One of the neat characteristics of UTF-8 is that if you compare two strings (with <) byte-by-byte, you get the same answer as if you had compared them codepoint-by-codepoint. I was wondering if there was a similar encoding that was optimal in size (e.g. UTF-8 "wastes" space by tagging bytes with 10xxxxxx if they are not the first byte representing a codepoint).
The assumption for optimality here is that a non-negative number n is more frequent than a number m if n < m.
I am most interested in knowing if there is a (byte-comparable) encoding that works for integers, with n more frequent than m if |n| < |m|.
Have you considered a variant of Huffman coding? Traditionally one recursively merges the two least frequent symbols, but to preserve order one could instead merge the two adjacent symbols having the least sum.

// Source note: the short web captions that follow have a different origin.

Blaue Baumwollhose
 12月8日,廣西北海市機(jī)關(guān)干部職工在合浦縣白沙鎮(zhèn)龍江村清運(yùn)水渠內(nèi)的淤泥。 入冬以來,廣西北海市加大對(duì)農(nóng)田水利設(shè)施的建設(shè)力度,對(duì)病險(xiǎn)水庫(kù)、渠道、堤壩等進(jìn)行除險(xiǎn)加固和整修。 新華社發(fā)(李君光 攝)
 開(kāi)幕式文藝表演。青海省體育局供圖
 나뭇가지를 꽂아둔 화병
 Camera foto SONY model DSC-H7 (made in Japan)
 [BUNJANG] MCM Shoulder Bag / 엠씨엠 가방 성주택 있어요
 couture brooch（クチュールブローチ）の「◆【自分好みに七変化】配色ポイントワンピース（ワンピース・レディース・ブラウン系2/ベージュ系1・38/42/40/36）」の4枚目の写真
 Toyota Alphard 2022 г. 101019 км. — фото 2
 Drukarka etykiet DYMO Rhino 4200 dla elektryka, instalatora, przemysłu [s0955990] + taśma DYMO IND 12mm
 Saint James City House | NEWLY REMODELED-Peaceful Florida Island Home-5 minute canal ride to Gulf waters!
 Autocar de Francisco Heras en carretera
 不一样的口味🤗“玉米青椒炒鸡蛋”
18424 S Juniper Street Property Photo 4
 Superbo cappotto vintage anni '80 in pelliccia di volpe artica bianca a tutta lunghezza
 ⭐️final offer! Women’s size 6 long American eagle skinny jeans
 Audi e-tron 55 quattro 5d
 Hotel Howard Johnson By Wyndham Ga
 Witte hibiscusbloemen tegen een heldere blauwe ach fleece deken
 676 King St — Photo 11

Looks like this problem has been well-studied (and the greedy algorithm is not optimal). The optimal algorithm was given by Hu and Tucker, which is described here and more detail in this thesis.
This paper discussing order-preserving dictionary-based compression also looks interesting.
There are very few standard encodings and the answer is no. Any further optimization beyond UTF-8 should not be referred to as "encoding" but a "compression" - and lexicographically-comparable compression is a different department.
If you are solving a real-world (non-purely-academic) problem, I'd just stick with the most standard UTF8. You can learn about its efficiency compared to other standard encodings on utf8everywhere.org.